Computation of automata is transparent.
In each step of the computation can be verified manually (e.g. visually), and compared to other computation paths through the latent state space. This makes it possible to analyze training samples and their contribution to the final model. It is also possible to answer questions like “What would happen if the data were different at this stop of the sequence?” or “What other data leads to the same computation outcome?”.
Automata are generative models.
Sampling from the model, e.g. “pressing play”, helps to understand what it describes: By generating a wide range of possible computation paths, tools like model checkers can be used to query properties in a formal way, e.g. using temporal logic. This can help to analyze the properties of the model in a formal way.
Automata are well studied in theory and practice.
We know a lot about composition and closure properties of automata and their sub-classes. We can relate them to equally expressive formalisms. In many cases, this allows us to think about the model as a composition of smaller parts and makes it easy for humans to transfer their knowledge onto it: The model is frequently used in system design as a way to describe system logic. We can use this knowledge to understand a learned model, and relate it to known functions.

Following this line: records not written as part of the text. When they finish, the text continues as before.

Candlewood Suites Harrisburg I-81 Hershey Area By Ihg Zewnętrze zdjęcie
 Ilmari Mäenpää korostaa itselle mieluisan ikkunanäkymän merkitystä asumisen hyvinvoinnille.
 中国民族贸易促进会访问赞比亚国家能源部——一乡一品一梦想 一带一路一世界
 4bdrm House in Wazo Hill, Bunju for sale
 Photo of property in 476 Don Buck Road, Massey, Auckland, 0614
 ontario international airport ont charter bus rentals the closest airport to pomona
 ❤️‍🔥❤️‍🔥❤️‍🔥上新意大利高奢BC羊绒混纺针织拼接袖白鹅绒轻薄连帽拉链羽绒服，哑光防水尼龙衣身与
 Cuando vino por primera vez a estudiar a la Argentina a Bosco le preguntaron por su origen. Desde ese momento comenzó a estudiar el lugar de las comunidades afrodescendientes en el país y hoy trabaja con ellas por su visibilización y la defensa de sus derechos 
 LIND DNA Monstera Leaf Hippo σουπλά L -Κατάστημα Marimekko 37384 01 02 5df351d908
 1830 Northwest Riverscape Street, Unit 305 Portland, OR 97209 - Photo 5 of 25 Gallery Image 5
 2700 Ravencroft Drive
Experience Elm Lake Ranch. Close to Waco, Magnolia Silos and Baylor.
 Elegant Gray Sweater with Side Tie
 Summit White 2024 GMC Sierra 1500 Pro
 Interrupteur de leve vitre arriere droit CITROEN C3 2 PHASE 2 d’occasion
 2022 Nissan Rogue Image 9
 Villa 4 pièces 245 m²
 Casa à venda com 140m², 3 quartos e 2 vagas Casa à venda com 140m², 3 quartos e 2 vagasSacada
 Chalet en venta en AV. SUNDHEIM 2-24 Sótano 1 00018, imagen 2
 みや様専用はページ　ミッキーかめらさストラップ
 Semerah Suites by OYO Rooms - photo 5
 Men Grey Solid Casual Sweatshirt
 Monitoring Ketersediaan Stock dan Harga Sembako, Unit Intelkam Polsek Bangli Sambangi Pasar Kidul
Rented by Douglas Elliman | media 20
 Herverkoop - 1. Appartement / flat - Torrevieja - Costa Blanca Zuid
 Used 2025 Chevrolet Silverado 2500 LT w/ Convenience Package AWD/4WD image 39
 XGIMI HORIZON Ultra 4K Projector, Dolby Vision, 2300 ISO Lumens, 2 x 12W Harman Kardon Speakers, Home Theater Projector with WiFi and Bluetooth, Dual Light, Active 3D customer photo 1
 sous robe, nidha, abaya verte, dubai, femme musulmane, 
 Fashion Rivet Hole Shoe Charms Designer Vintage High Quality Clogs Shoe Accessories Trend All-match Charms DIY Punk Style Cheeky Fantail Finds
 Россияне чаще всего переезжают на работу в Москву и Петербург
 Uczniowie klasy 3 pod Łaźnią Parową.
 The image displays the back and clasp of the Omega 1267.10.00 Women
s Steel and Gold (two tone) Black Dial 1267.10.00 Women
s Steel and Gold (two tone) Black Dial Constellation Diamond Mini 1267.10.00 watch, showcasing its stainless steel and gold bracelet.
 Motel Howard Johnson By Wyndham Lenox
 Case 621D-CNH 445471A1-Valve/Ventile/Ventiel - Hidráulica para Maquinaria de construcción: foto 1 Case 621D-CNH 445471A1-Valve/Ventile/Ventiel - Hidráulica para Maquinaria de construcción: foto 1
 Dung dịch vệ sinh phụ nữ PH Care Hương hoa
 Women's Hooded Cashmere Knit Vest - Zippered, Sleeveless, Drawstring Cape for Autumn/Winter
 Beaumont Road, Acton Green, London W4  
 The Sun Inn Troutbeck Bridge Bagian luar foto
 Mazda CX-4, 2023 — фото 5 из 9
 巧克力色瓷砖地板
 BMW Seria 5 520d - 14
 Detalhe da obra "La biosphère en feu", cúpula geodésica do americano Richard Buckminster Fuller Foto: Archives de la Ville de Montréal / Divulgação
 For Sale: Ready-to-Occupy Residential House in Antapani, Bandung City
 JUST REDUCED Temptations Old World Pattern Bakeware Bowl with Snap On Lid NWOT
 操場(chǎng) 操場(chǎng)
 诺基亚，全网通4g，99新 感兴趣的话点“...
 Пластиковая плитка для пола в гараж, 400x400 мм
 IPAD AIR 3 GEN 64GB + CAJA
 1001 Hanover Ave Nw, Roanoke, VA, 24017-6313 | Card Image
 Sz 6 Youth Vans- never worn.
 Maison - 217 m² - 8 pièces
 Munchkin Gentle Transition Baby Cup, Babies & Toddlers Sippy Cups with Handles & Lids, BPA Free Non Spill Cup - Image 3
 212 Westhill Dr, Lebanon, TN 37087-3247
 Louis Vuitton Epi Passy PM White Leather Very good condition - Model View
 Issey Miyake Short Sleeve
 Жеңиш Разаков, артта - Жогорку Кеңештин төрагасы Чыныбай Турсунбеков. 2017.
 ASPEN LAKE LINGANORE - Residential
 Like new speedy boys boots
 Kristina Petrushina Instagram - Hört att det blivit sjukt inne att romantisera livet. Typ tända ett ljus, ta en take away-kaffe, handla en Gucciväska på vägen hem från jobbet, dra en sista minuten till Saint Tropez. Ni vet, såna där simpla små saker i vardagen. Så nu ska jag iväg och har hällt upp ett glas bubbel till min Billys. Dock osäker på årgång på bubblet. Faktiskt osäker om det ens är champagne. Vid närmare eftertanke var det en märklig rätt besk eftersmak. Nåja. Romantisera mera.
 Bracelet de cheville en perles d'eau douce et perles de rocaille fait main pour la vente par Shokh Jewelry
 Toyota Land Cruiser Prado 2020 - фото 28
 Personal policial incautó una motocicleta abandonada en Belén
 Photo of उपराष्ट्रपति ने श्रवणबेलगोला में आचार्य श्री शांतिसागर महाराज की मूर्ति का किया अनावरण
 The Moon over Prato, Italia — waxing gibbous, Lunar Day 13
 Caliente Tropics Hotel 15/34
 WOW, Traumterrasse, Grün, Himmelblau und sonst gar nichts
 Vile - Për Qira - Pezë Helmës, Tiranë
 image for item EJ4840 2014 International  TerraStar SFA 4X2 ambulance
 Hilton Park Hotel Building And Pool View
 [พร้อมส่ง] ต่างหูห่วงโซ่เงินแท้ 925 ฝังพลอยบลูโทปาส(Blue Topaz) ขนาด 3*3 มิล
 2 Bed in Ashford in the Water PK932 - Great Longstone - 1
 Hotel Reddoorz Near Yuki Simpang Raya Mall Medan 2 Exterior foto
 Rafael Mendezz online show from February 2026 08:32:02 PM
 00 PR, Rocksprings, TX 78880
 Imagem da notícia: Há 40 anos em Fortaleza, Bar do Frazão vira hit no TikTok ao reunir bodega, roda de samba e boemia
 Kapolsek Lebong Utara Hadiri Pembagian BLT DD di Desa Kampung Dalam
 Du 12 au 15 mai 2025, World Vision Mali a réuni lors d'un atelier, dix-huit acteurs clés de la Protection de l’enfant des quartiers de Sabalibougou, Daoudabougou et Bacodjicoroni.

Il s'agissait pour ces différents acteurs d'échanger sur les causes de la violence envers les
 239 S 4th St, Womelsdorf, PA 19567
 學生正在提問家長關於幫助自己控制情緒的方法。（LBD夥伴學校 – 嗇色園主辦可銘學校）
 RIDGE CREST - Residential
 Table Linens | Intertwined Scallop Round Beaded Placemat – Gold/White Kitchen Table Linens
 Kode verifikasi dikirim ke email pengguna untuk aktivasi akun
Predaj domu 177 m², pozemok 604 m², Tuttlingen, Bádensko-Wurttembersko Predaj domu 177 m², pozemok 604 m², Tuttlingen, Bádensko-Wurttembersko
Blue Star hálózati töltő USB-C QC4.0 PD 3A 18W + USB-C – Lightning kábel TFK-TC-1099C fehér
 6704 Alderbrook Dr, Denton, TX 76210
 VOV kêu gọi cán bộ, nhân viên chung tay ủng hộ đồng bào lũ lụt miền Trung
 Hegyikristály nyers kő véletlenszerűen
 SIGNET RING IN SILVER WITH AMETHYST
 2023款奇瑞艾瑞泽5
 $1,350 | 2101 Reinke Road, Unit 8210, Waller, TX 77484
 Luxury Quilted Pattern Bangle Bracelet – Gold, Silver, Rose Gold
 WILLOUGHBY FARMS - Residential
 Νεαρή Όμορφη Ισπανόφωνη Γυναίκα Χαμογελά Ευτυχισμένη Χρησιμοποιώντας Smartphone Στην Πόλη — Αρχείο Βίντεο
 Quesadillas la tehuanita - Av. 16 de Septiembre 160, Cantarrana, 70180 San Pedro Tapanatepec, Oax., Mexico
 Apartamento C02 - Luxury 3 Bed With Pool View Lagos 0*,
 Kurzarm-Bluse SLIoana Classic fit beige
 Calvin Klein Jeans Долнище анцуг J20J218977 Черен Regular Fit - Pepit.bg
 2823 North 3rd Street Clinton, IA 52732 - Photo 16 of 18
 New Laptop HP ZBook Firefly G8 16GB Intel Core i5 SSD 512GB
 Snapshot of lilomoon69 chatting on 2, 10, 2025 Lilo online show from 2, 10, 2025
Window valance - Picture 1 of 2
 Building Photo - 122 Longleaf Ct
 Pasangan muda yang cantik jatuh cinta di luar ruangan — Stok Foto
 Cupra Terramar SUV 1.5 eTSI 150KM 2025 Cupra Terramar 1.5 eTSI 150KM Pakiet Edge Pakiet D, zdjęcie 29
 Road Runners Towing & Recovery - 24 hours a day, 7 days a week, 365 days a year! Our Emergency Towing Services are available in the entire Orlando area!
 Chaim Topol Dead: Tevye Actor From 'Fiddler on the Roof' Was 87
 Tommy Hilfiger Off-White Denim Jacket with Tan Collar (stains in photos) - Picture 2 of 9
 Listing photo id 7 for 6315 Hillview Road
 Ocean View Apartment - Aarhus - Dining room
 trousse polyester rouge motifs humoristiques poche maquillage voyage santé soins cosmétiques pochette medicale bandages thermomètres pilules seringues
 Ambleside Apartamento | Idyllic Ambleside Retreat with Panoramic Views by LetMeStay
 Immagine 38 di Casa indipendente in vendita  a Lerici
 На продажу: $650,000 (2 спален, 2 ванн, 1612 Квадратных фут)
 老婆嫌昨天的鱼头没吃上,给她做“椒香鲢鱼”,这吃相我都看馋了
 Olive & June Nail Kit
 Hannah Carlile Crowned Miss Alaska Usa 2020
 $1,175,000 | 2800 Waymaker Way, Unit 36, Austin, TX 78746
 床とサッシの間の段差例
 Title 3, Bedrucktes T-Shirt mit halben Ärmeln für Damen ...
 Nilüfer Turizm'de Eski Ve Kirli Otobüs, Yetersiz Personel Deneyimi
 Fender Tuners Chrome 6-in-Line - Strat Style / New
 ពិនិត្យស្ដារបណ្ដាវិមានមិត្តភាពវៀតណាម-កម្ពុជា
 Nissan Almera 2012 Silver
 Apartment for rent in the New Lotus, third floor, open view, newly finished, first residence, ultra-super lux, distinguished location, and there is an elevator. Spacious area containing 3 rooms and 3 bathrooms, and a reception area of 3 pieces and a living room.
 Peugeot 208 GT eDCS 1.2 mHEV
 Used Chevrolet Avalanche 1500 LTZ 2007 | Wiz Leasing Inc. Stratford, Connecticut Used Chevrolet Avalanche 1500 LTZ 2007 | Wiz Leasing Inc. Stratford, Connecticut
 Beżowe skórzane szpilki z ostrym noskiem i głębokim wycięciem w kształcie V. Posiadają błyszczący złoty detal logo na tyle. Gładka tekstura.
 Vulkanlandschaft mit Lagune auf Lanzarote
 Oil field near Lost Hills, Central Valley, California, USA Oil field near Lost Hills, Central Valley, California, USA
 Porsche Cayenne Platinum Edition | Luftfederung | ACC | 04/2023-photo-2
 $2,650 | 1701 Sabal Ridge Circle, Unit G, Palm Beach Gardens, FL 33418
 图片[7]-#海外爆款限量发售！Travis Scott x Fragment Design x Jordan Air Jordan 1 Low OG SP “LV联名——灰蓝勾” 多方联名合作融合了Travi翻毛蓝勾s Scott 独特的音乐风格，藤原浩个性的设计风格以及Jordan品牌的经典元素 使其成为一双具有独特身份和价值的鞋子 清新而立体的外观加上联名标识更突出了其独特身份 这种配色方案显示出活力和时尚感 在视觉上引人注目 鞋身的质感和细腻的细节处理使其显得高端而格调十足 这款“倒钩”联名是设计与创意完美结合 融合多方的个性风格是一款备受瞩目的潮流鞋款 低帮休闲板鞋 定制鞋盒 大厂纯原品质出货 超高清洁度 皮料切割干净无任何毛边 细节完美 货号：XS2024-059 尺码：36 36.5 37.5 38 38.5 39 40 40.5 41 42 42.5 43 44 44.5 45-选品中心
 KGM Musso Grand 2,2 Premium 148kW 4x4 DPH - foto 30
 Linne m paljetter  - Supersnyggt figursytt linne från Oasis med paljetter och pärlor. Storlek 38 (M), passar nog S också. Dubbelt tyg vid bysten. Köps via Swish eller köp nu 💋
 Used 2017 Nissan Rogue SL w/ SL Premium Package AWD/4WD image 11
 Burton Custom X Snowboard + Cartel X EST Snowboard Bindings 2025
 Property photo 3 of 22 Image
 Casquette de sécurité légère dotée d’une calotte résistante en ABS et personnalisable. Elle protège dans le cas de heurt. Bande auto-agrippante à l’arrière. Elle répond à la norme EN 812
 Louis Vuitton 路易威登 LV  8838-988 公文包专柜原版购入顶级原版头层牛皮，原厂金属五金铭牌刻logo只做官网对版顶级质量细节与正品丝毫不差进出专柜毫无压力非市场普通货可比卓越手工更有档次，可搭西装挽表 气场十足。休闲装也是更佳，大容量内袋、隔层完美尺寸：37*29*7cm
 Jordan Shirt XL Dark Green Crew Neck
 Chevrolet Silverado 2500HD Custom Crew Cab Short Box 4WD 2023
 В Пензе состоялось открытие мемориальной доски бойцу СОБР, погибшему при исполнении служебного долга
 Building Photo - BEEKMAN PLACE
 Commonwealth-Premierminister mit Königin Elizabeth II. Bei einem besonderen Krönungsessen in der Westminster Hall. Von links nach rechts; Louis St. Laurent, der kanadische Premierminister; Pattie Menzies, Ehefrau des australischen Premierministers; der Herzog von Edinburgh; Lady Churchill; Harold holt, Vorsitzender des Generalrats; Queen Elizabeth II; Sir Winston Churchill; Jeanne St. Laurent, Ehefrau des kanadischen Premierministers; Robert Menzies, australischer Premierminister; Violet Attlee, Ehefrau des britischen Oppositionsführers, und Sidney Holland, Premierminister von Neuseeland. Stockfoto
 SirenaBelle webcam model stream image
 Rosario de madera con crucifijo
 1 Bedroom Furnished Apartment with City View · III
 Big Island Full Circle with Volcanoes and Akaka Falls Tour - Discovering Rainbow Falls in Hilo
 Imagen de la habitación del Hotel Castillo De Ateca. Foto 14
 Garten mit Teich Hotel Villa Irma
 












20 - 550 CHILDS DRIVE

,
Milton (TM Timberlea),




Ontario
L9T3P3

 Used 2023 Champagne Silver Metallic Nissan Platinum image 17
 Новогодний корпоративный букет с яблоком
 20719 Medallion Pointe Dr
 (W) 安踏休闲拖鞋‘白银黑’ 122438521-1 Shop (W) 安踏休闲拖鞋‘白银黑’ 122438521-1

We try to summarize these points, together with some more examples, in our paper online on arxiv. The abstract reads:
Automaton models are often seen as interpretable models. Interpretability itself is not well defined: it remains unclear what interpretability means without first explicitly specifying objectives or desired attributes. In this paper, we identify the key properties used to interpret automata and propose a modification of a state-merging approach to learn variants of finite state automata. We apply the approach to problems beyond typical grammar inference tasks. Additionally, we cover several use-cases for prediction, classification, and clustering on sequential data in both supervised and unsupervised scenarios to show how the identified key properties are applicable in a wide range of contexts.
I am very happy and grateful to receive your thoughts and feedback on it. What do you think about the interpretability and understandability of automata?